Bazil Manousis was found guilty of assault occasioning actual bodily harm by magistrate Geoffrey Dunlevy on September 28 after a hearing in Byron Bay local court.

During the course of the hearing the court was told that there had been a degree of animosity between Mr Manousis and his neighbour, Derek Harbison, for some time.

This animosity stemmed, in part, from a dispute between the two men over the exact location of the boundary between the two properties.

The court heard that on April 19 this year Mr Harbison was cutting back some palm plants that he felt were impinging on this property when he was approached by Mr Manousis. Mr Manousis told Mr Harbison to stop but he refused.

The pair argued heatedly and then Mr Manousis struck Mr Harbison with a piece of wood which, the court heard, may have been a fence paling.

The court heard that Mr Harbison suffered a minor head injury, possible minor concussion, and a soft-tissue injury to his neck as a result of the blow.

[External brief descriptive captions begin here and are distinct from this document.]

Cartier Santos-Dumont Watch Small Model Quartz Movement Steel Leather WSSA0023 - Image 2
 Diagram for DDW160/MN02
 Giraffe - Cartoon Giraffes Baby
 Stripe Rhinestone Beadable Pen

The incident was witnessed by a neighbour whose evidence the magistrate accepted, despite the defence’s claim that she was unreliable.

Defence

Mr Manousis gave evidence that he did not strike his neighbour but simply gave him a two-handed push to the chest after the man approached him with the garden shears.

He said that he had done this in self-defence, and that Mr Harbison must have struck his head on a rock when he hit the ground after being pushed.

However, the police prosecutor, Nathan Lockett, said: ‘The defendant’s version, in our submission, makes very little sense.’

‘She [the neighbour] described the accused taking a plank of wood and striking the complainant. She then saw the accused going behind the house and then coming back without the piece of wood.’

‘She had no reason to construct her evidence and in my submission, your honour would accept it.’

Magistrate Dunlevy did so, finding that Mr Manousis had not acted in self-defence and was guilty of assault occasioning actual bodily harm.

Mr Manousis will return to Byron Bay local court on November 15 for sentencing.